In Armenia, all men from the age of 18 have to serve in the Army for 2 years; one of the areas that they will be deployed into is Nagorno-Karabakh (NKR), and for some of that period they will be sent to the “line of contact”.
At my last visit, the NKR Ministry of Defence agreed to take me to one of their Military bases, and show me some of the initial training programmes for the new recruits. I was briefly introduced to the Base Commanders who looked very focussed and pre-occupied with managing their business. I had the opportunity to discuss at length, with a new recruit, what life was like for a young man going through his service. My primary impression was his feeling of pride at being allowed to serve in the Army and therefore to be able to contribute to the protection and freedom of his fellow Armenians. We spoke about the proximity of the opposing forces, and how, if the NKR soldiers followed the instructions of their senior officers, they would remain safe. There was a feeling that the Azeri forces were a little less disciplined, and perhaps were less controlled with their sniping. However, despite this, soldiers have been killed on both sides of the “line” since the ceasefire thus highlighting how difficult and fragile the position is.

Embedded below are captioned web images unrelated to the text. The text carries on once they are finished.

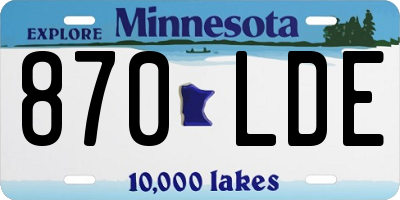 MN license plate 870LDE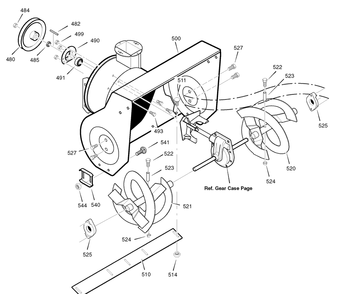 Auger Housing Diagram and Parts List for 629117X31A 2004 Briggs and Stratton Snow Blower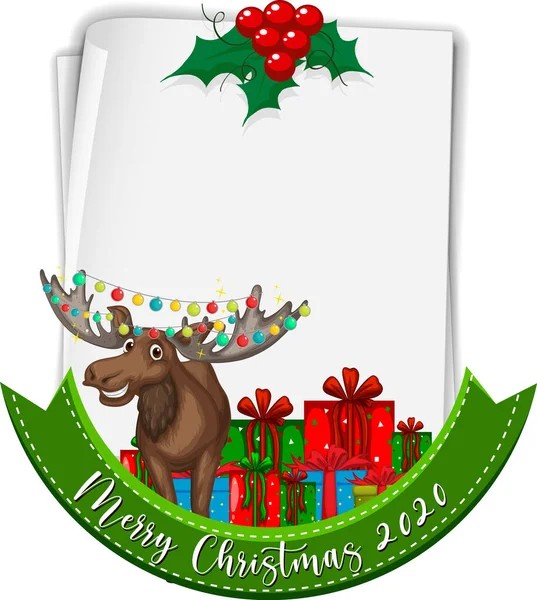 Blank Paper Merry Christmas 2020 Font Logo Reindeer Illustration — Stock Vector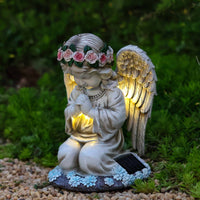 Praying Angel Statue with Solar Lights Lighted Solar Angel Statue Kneeling Ornament Stone-Like for Lawn, Patio, Flower Bed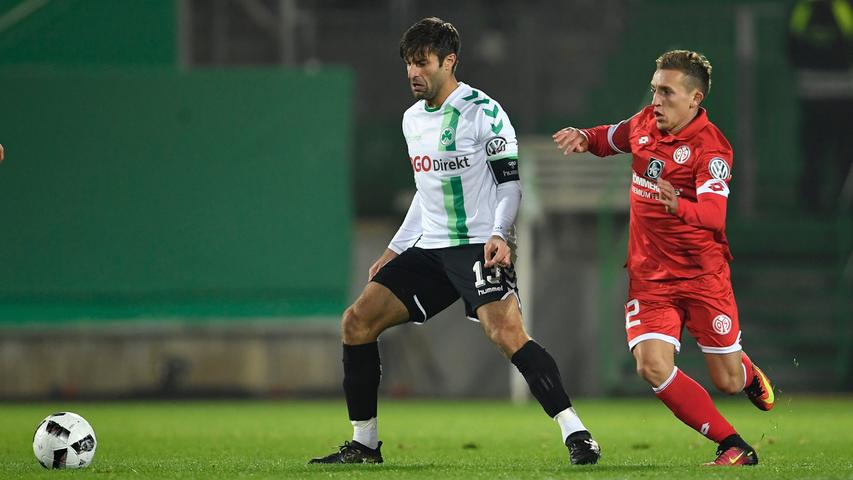 Ein Wiedersehen gab es für Fürths Kapitän Marco Caligiuri: Der 32-Jährige absolvierte selbst über 70 Spiele für den FSV Mainz.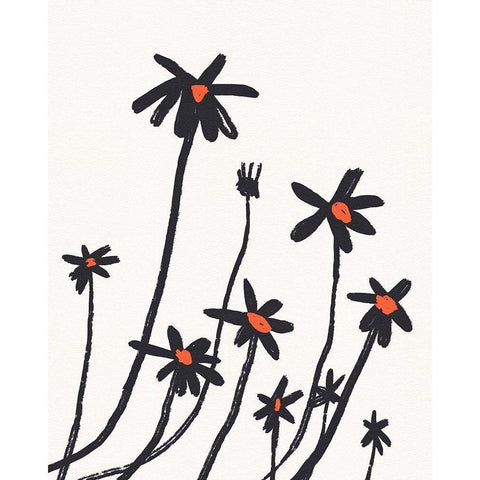 Young Coneflowers I White Modern Wood Framed Art Print by Green, Jacob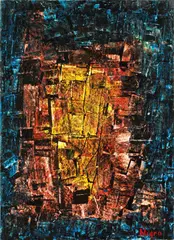 Mario Nigro, Senza titolo, enamel on paper applicata on pannello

Following this conversation, I was picked up by an officer in a well-worn Lada, and was driven a mile or so down the road to the training area for the new recruits. This was basic training – starting with practice in constructing / de-constructing a Kalashnikov with the target being around 20 seconds.
They then proceeded onto the practice of using the rifle, and correct positioning, albeit with no live rounds at this stage.
As you would expect, it was well-structured, and professional, and assured consistency of approach. My prescence provided some level of curiousity to the soldiers and a bit of humour as I queried the meaning of a cartoon of a very busty nurse. This was part of a light-hearted conclusion to one of the training boards, and was a brief opportunity to connect with the soldiers.
Although the training seemed routine, and these men were only doing their national service, I did reflect as I was being driven back that, before long, they would be on the front-line, and may be confronted with potential danger from sniper fire. This highlighted to me how routine and disciplined the training needed to be to assure the safety of each of the soldiers.
In separate conversations with civilians I asked what it was like to live in a state where war could, theoretically, start that day. Whilst most did not think about this too much, part of their reassurance was the fact that they had a trained, and resourced Army providing protection, and would be ready to fight should it be necessary.